• _Exercise description_: Every line of the listing must be reproduced as it stands. Leave the images behind.

• _Source data_:

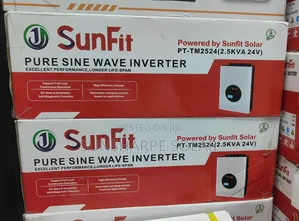 2.5kWh Sunfithybrid Inverter 24V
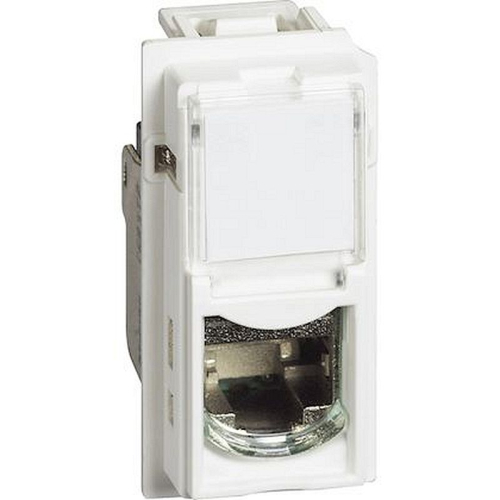 Prise RJ45 cat.6 FTP Living Now 1 module - blanc-BTKW4279C6F-8005543621912-BTICINO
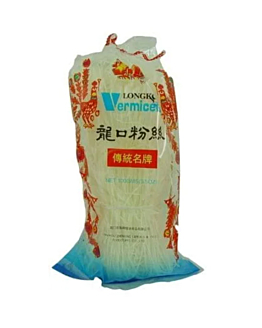 Longkou Makaron Mung bean fasola sojowy Vermicelli 1 kg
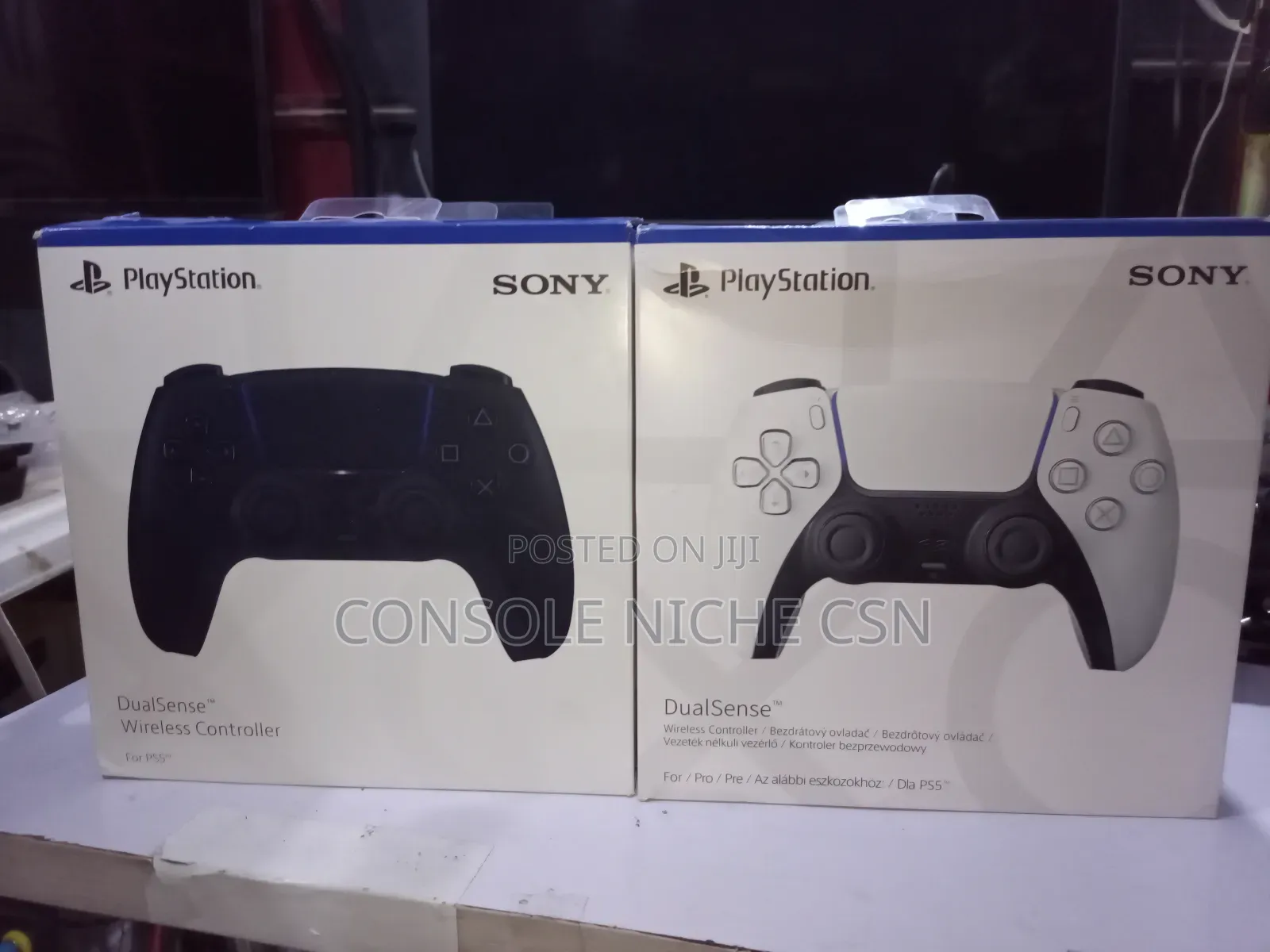 Brand New Ps5 Controller Dualsense and Controller Fixes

• _Result_:
 2.5kWh Sunfithybrid Inverter 24V
 Prise RJ45 cat.6 FTP Living Now 1 module - blanc-BTKW4279C6F-8005543621912-BTICINO
 Longkou Makaron Mung bean fasola sojowy Vermicelli 1 kg
 Brand New Ps5 Controller Dualsense and Controller Fixes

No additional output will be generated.